Sixteen-year-old Bri wants to be one of the greatest rappers of all time. Or at least make it out of her neighborhood one day. As the daughter of an underground rap legend who died before he hit big, Bri’s got big shoes to fill. But now that her mom has unexpectedly lost her job, food banks and shutoff notices are as much a part of Bri’s life as beats and rhymes. With bills piling up and homelessness staring her family down, Bri no longer just wants to make it—she has to make it.
On the Come Up is Angie Thomas’s homage to hip-hop, the art that sparked her passion for storytelling and continues to inspire her to this day. It is the story of fighting for your dreams, even as the odds are stacked against you; of the struggle to become who you are and not who everyone expects you to be; and of the desperate realities of poor and working-class black families.
I really loved The Hate U Give, it was one of my favourite books of last year.
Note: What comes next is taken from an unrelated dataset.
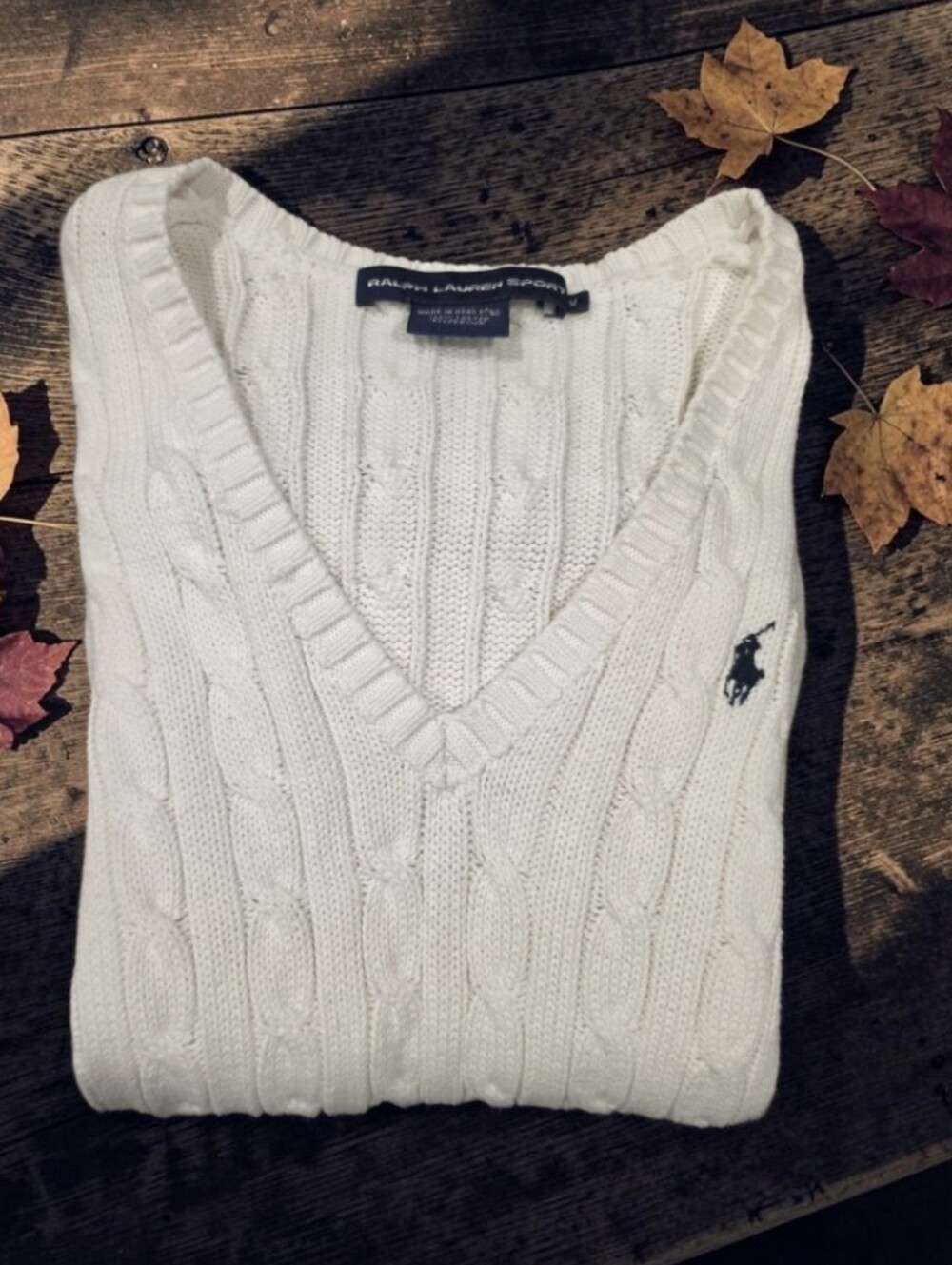 Ralph Lauren Women's Cable Knit V-Neck Sweater Size-M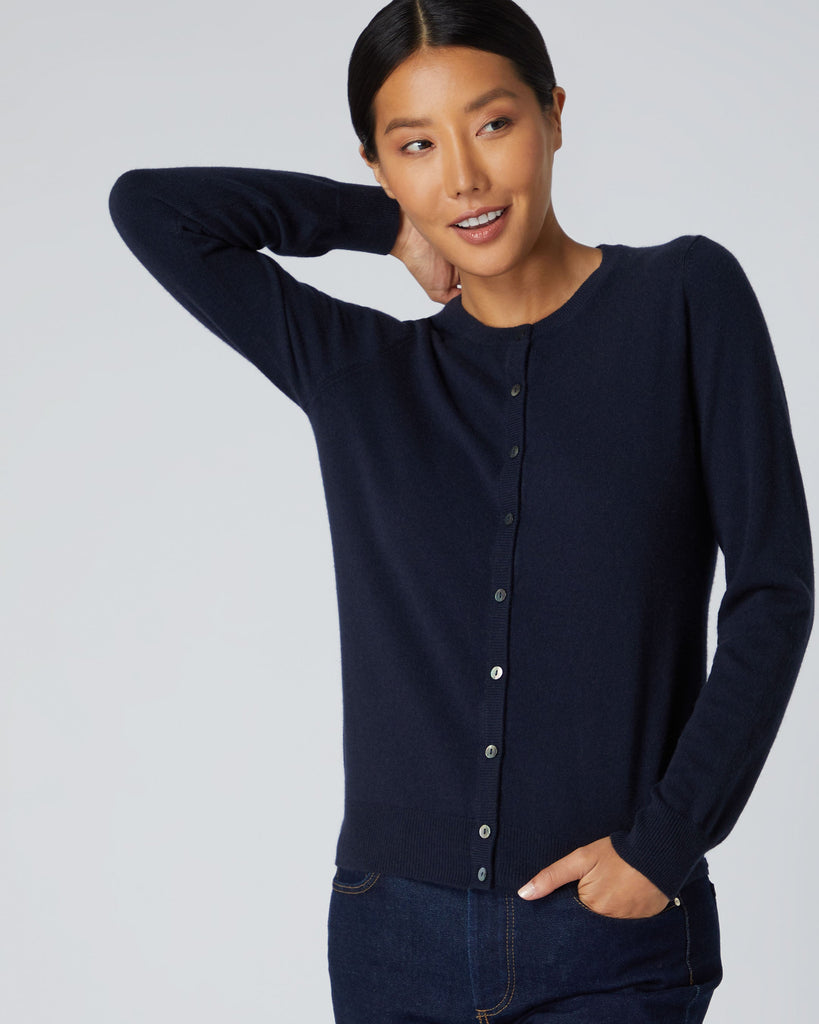 Navy cashmere cardigan womens best sale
I was really excited to read On The Come Up, and even though I didn’t quite devour it like I did with THUG, I did enjoy it!
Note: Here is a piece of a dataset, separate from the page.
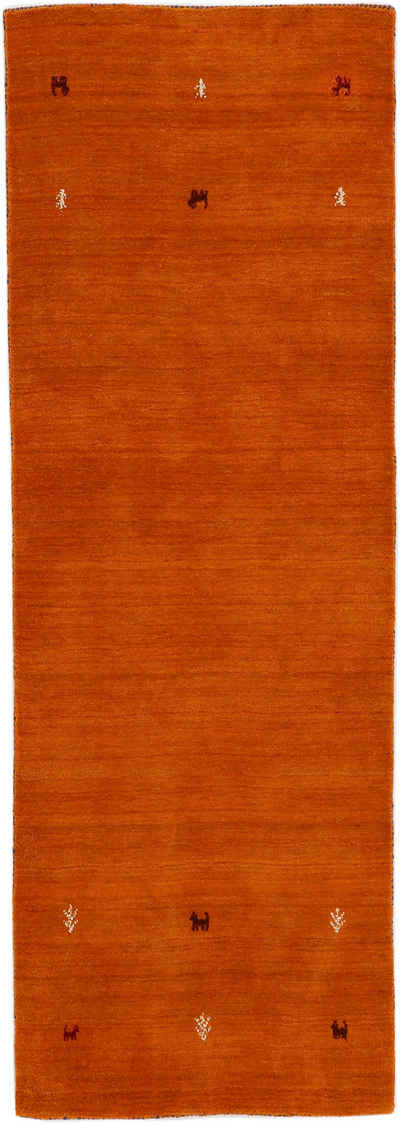 Läufer »Gabbeh Uni«, carpetfine, rechteckig, Höhe 15 mm, reine Wolle, handgewebt, Gabbeh Tiermotiv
On the Come Up has so much heart, Bri, the main character was such a fresh and relatable, although there were a lot of times were I wanted to give her a good shake. Her best friends were a great addition to the plot and the characters, having Bri surrounded mainly by male characters worked really well. The pop culture references made for some fun humour. Bri’s raps were on point and I cheered her on every time, even though I’m not a huge fan of rap and hip hop music. I loved her knowledge of hip hop and the music she listened to.
The family dynamic in the story was really admirable, how they all stuck together, and how Bri wanted to make it as a rapper to support her family who were struggling with bills. And the way she cared for her aunt who anyone else most likely would have given up on. I also really like how Bri referenced her late father, who in a lot of ways was her inspiration and motivation for her rapping goals, but she knew that she needed her own identity within the industry and didn’t want to rely on his name.
Like with The Hate You Give, the book has a very important message, quite of them honestly. A young female who dreams of becoming rapper, and all the work that comes with making it in that industry, especially being young and a girl. It also features the many different social aspects that come with making change. Racial stereotypes and issues are a big thing, I honestly can’t overly relate to these topics properly, but I feel like Angie writes these incredibly well, her books are always so eye opening for me, someone who is not from anywhere close to where her books are set.
I really like the ending, that it wasn’t perfectly wrapped in a bow and that everything didn’t work out exactly perfectly, it was a fresh read for me and I did enjoy, even if it did take me a while to read through!